Priscilla Gilman is a former professor of English literature at both Yale University and Vassar College and the author of The Anti-Romantic Child: A Story of Unexpected Joy (Harper), and The Critic's Daughter, to be published by Norton in February, 2023. Dr. Gilman attained her undergraduate, masters and Ph.D from Yale. She left academia in 2006 and worked as a literary agent and taught poetry to inmates in a restorative justice program and to NYC public school students.
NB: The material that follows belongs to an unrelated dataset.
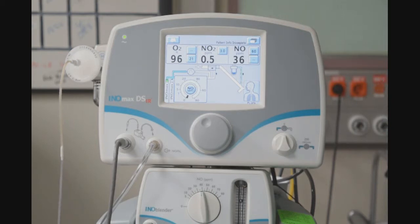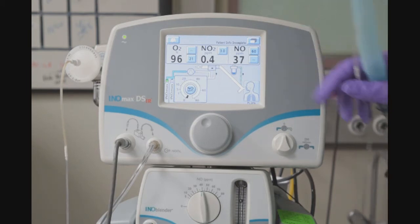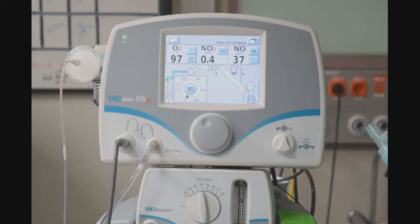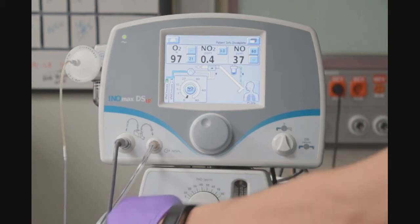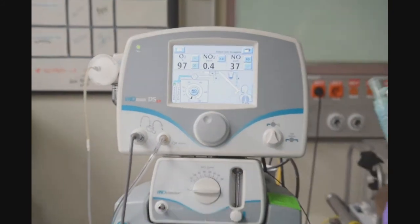Once we are stabilized, for an 800 parts per million cylinder, we should be looking at an NO value of 32 to 48, which we have achieved. Turn the dose to zero, and I will remove the pre-use setup from the INL blender — turning my dose to zero, turning my flow down, and removing the setup.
Gilman’s highly acclaimed first book, The Anti-Romantic Child, won numerous awards and was chosen as Best Book of the year by the Chicago Tribune.Her second book, The Critic’s Daughter, is a memoir about her complicated relationship with her father, the late drama and literary critic, Richard Gilman.
 
Gilman has written about literature, parenting, autism and education and has reviewed literature for the Daily Beast, The New York Times Book Review and many other renowned publications. She has received fellowships and grants from the Andrew W. Mellon Foundation, the Speranza Foundation, the Whiting Foundation, and the New York Council for the Humanities. In 1997, Gilman won the Yale College Graduate Prize Teaching Fellowship. In 2018, she became a certified Mindfulness and Loving-Kindness meditation teacher. In 2019, she won the Yale Alumni College Distinguished Teaching award.
 

 
Allison Gilbert
 
Allison Gilbert is an award-winning journalist and co-author of Listen, World!, the first biography of American writer Elsie Robinson. She is host of “Women Journalists of 9/11: Their Stories,” a 20-part documentary series produced in collaboration with the National September 11 Memorial & Museum. Gilbert is the official narrator of the 9/11 Memorial Museum’s historical exhibition audio tour, the only female journalist to be so honored.
She writes regularly for the New York Times and other publications. On her blog, she features Q & A’s with some of the most notable names in our culture today including, Arianna Huffington, Joh Stewart, Henry Louis Gates Jr., Dani Shapiro and Gretchen Rubin.
 
Allison is co-editor of Covering Catastrophe: Broadcast Journalists Report September 11 and author of Always Too Soon: Voices of Support for Those Who Have Lost Both Parents, Parentless Parents: How the Loss of Our Mothers and Fathers Impacts the Way We Raise Our Children, and Passed and Present: Keeping Memories of Loved Ones Alive.
 

 
Mary Fetchet, LCSW
 
Mary Fetchet is Executive Director and President of Voices Center For Resilience, formerly known as Voices of September 11th, an organization she co-founded following the death of her son Brad on 9/11. Her unique background as a mother of a victim, along with 29 years of expertise as a clinical social worker, has influenced VOICES innovative approach in providing long-term support services for victims’ families, survivors, responders and the families of those who have died since of 9/11 related illnesses.
Today, she is equally committed to assisting communities in preparing for and recovering from other tragedies through community training, research and public/private partnerships, in the United States and abroad.
 
Mary is a strong advocate for the rights of victims’ families, survivors and responders, and public policy reforms to make the country safer. She advocated for the establishment of the 9/11 Commission which led to sweeping governmental intelligence reforms and testified before the 9/11 Commission and the U.S. Congress on six occasions. She has received numerous awards, most notably induction into the Hall of Fame at Columbia University School of Social Work in New York City, NBC Nightly News with Brian Williams Making a Difference, and ABC News Person of the Year.